À partir de 1870, l’afflux de population (il y aura, de 1877 à 1914, 1 819 000 immigrants, dont 846 000 Italiens) fait craquer les vieux cadres de la cité, et l’agglomération urbaine déborde son site originel. La colline qui abritait le collège jésuite devient le centre des affaires, où se localisent les magasins, les bureaux des maisons de commerce, les banques ; les quartiers de résidence s’étendent au-delà, dans les vallées ou sur les collines des environs. C’est dans cette ambiance dynamique, provoquée par l’extension des plantations de café et l’enrichissement des fazendeiros, que se situe le dernier et le plus important facteur de croissance de la ville : l’industrialisation. Dès la fin du xixe s., un premier effort du gouvernement brésilien pour réserver le marché intérieur à une industrie nationale par l’instauration de barrières douanières, particulièrement sur les cotonnades, entraîne non l’essor des filatures — car on continue à importer des fils —, mais celui des tissages. La plupart de ces usines s’installent à São Paulo pour diverses raisons : l’enrichissement provoqué par le café en a fait le plus grand foyer de consommation brésilien ; l’immigration récente y a amené des entrepreneurs dynamiques ; l’équipement hydro-électrique facilite l’industrialisation.

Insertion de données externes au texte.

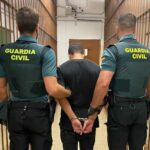 La Guardia Civil detiene al acosador sexual de 30 jóvenes... y el juez le deja en libertad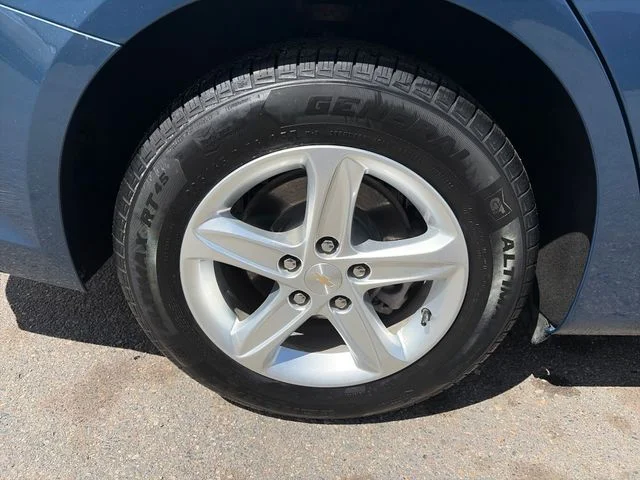 SEMINUEVOS CHEVROLET Malibu a Estados en autogozo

Par la suite, la Première Guerre mondiale, qui freine les possibilités d’importation de produits fabriqués en Europe, puis la crise de 1929 favorisent encore l’essor industriel pauliste. En effet, la période de prospérité du café entre 1920 et 1929 provoque un développement remarquable du pouvoir d’achat aussi bien des planteurs que des ouvriers, et, d’autre part, la difficulté, en 1929, de vendre le café entraîne ces planteurs à investir leur capital disponible dans une autre activité et à devenir des industriels. Dans l’entre-deux-guerres, la ville ne cesse donc de grandir et d’accroître encore le marché pour les produits des industries de biens d’usage. Aussi, lorsque les capitaux étrangers commencent à s’intéresser au marché brésilien en général et que, grâce à ces capitaux, s’implantent des usines en vue de la fabrication d’objets destinés à la consommation brésilienne, c’est encore à São Paulo que se fixent la plupart de ces investissements étrangers. Dès 1925-1930, les capitaux canadiens provoquent la création d’une cimenterie, et les firmes d’automobile américaines, Ford et General Motors, construisent des ateliers de montage. À l’époque de la Seconde Guerre mondiale, ce mouvement d’industrialisation prend une dimension beaucoup plus importante, et la part des capitaux étrangers s’accroît encore : il y a une poussée spectaculaire de l’industrie automobile, des industries associées et, d’une façon générale, de la mécanique et de la chimie. Toutes ces usines travaillent pour l’ensemble du Brésil, mais continuent à se fixer à São Paulo et dans ses environs immédiats. La ville prend alors une importance démesurée : 1 300 000 habitants en 1940, 3 800 000 en 1960, plus de 6 millions actuellement. Les émigrants continuent à s’y installer, des Japonais en particulier.